Local position calculation using computer vision.
The following is adapted from this document that I initially wrote describing the system.
The LPS (Local Positioning System) is a system to help robots determine their location in a predefined area. This system uses a camera and colored markers to determine the position of robots and other objects in a scene, then relays that information to robots over a network connection.
Localization in robotics is a difficult but important problem. Through the Vex Robotics Competition, I’ve had experience trying to get a robot to perform pre-programmed movements. I’ve also worked on several automated robots outside of VRC. In all cases, I’ve been dissatisfied with the poor options available for determining a robot’s position.
Because an accelerometer measures acceleration, it must be double-integrated to track the robot’s position. This means that any error will drastically affect the result over time, and the calculated position will rapidly lose precision.
By placing encoders on wheels, a robot can track its movement over time. VRC team 5225A, “πlons,” used a technique with three separate encoders to track the robot’s movement, its slip sideways, and its orientation (described here). However, any error (wheel slop, robot getting bumped or tipping, etc) will accumulate over time with this method. πlons needed to supplement their tracking system by occasionally driving into the corners of the VRC field in order to reset the accumulated error.
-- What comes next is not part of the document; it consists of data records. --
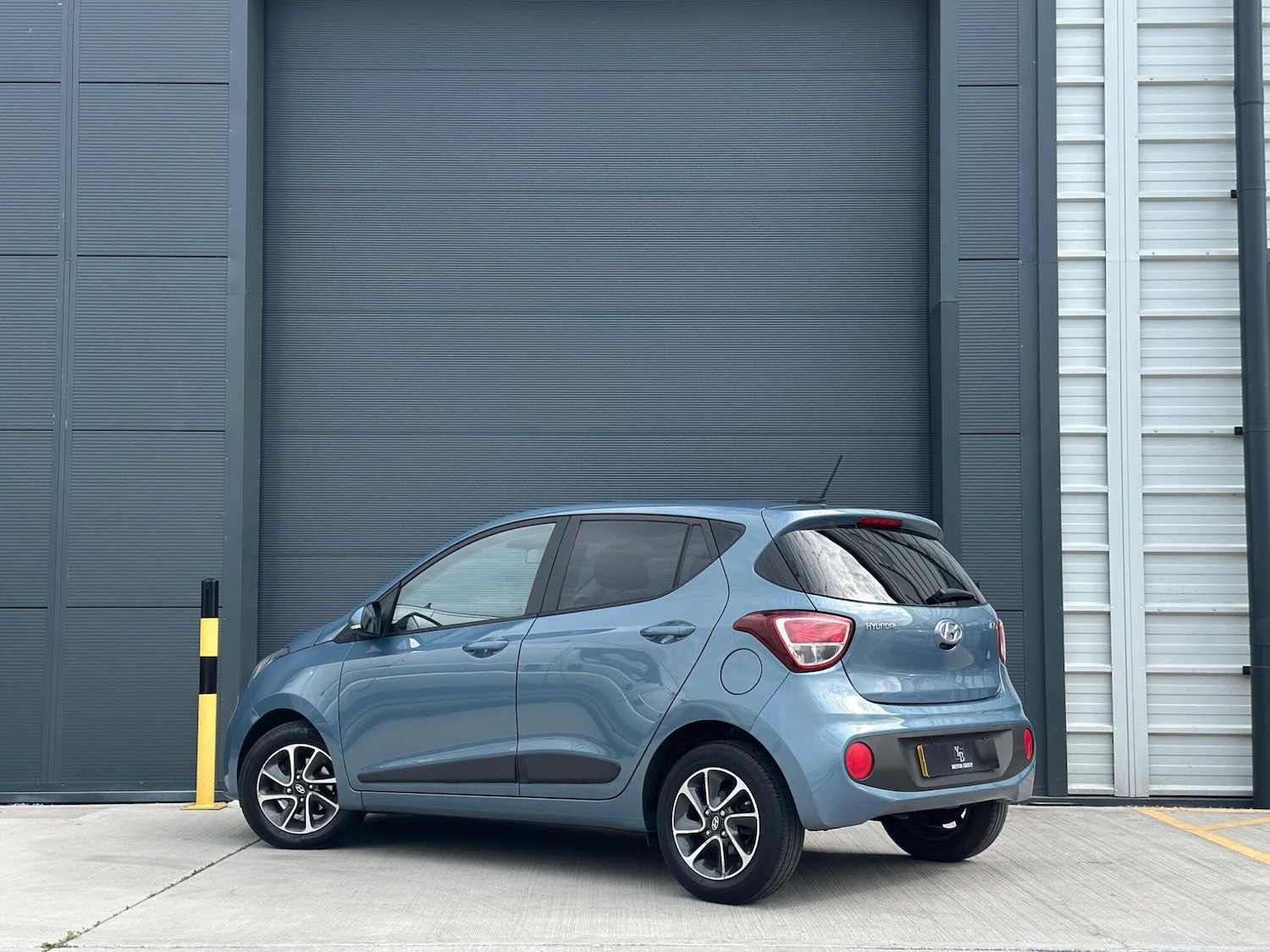 Used Hyundai i10 2017 for sale - 77255512: Photo 6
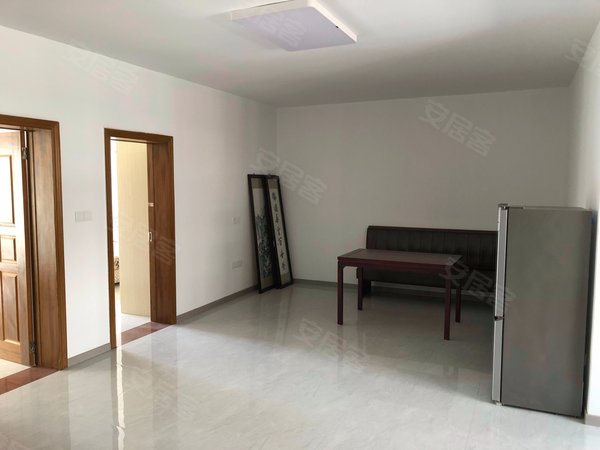 无锡宜兴宜城临溪花园万达八佰伴东氿小学临溪花园3楼3室配套全小区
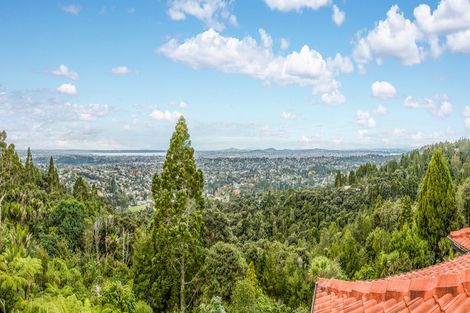 Photo of property in 35 Tawini Road, Titirangi, Auckland, 0604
GPS can work well for tracking a robot’s general position in a large area. However, common receivers have an accuracy of only about 3 meters, and while modules with centimeter-level accuracy are available, they are prohibitively expensive.
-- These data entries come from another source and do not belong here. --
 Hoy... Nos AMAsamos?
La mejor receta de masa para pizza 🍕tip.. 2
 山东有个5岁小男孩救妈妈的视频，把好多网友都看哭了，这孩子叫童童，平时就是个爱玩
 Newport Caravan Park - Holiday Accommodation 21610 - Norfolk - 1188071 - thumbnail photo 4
By placing a specific code along the walls of the area, a camera mounted on a robot can determine its position and orientation. This method will be used in the Vex AI Competition. Other objects in the field can block the robot’s view of the pattern wall. Additionally, this system requires a defined playing field with straight sides and walls, and each robot is required to have its own camera and computer vision processing onboard.
A LiDAR sensor can create a point cloud of a robot’s surroundings, and SLAM (Simultaneous Localization And Mapping) algorithms can automatically map an area and determine the robot’s position relative to other objects. However, LiDAR sensors are large and expensive, they must be mounted with a clear view of the robot’s surroundings, and the robot must have enough processing power to run these algorithms. Additionally, this system will not work as well in an open environment, where there won’t be any objects for the LiDAR to detect, and it might have difficulty determining the difference between stationary objects (such as walls) and moving objects (such as other robots in the area).
If a robot is able to determine the relative signal strength of multiple different radios (such as WiFi access points or Bluetooth beacons), and it knows the positions of these radios, it can estimate its position relative to them by assuming signal strength correlates with distance. Because there are many other variables that affect signal strength, such as objects between the robot and radio, this method is not very reliable. Also, robots that use wireless communication will need to make sure their transmissions do not affect their ability to determine their location. This problem is worse if multiple robots are present in an area.
In the past, I have more or less given up on systems which do not accumulate error, and have simply programmed the robot to navigate using an open-loop system and then drive into a wall (of known position) every so often. As this solution doesn’t work well outside of a clearly-defined environment, I wanted to see if I could come up with a better solution for localization.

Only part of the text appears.